• _Task brief_
Word for word, restate the lines of the data from the first through the one containing "All national education", and nothing else.

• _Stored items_
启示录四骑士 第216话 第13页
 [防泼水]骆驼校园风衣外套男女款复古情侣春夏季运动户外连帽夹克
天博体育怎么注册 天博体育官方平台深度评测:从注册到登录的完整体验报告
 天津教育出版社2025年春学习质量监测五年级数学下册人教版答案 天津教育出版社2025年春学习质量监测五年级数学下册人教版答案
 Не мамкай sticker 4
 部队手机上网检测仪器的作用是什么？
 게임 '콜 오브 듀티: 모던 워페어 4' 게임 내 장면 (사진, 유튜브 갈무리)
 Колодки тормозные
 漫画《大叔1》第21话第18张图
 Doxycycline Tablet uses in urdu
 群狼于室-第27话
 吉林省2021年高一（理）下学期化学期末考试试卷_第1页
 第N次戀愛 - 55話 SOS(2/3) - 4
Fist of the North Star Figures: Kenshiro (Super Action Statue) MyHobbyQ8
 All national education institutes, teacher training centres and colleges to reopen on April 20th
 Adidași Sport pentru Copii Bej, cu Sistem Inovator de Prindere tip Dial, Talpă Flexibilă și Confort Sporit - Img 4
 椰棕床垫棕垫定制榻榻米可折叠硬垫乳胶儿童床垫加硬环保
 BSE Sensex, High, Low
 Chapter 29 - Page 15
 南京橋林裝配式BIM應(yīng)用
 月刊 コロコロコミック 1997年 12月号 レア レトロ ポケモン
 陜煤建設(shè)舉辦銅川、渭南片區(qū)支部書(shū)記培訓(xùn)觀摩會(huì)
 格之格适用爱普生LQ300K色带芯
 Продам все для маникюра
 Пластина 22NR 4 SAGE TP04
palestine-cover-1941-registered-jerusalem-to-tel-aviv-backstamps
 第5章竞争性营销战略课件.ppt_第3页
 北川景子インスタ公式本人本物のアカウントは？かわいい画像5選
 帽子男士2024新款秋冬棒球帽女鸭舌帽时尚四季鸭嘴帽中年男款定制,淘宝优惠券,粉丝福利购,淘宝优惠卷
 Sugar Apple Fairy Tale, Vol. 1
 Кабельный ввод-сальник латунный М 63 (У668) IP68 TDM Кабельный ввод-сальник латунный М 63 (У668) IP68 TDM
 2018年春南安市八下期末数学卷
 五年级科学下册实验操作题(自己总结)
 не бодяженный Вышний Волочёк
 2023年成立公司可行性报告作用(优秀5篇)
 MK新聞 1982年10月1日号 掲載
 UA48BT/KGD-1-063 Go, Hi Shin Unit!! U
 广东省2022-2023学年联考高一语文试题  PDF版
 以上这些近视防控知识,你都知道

• _Result of this exercise_
启示录四骑士 第216话 第13页
 [防泼水]骆驼校园风衣外套男女款复古情侣春夏季运动户外连帽夹克
天博体育怎么注册 天博体育官方平台深度评测:从注册到登录的完整体验报告
 天津教育出版社2025年春学习质量监测五年级数学下册人教版答案 天津教育出版社2025年春学习质量监测五年级数学下册人教版答案
 Не мамкай sticker 4
 部队手机上网检测仪器的作用是什么？
 게임 '콜 오브 듀티: 모던 워페어 4' 게임 내 장면 (사진, 유튜브 갈무리)
 Колодки тормозные
 漫画《大叔1》第21话第18张图
 Doxycycline Tablet uses in urdu
 群狼于室-第27话
 吉林省2021年高一（理）下学期化学期末考试试卷_第1页
 第N次戀愛 - 55話 SOS(2/3) - 4
Fist of the North Star Figures: Kenshiro (Super Action Statue) MyHobbyQ8
 All national education institutes, teacher training centres and colleges to reopen on April 20th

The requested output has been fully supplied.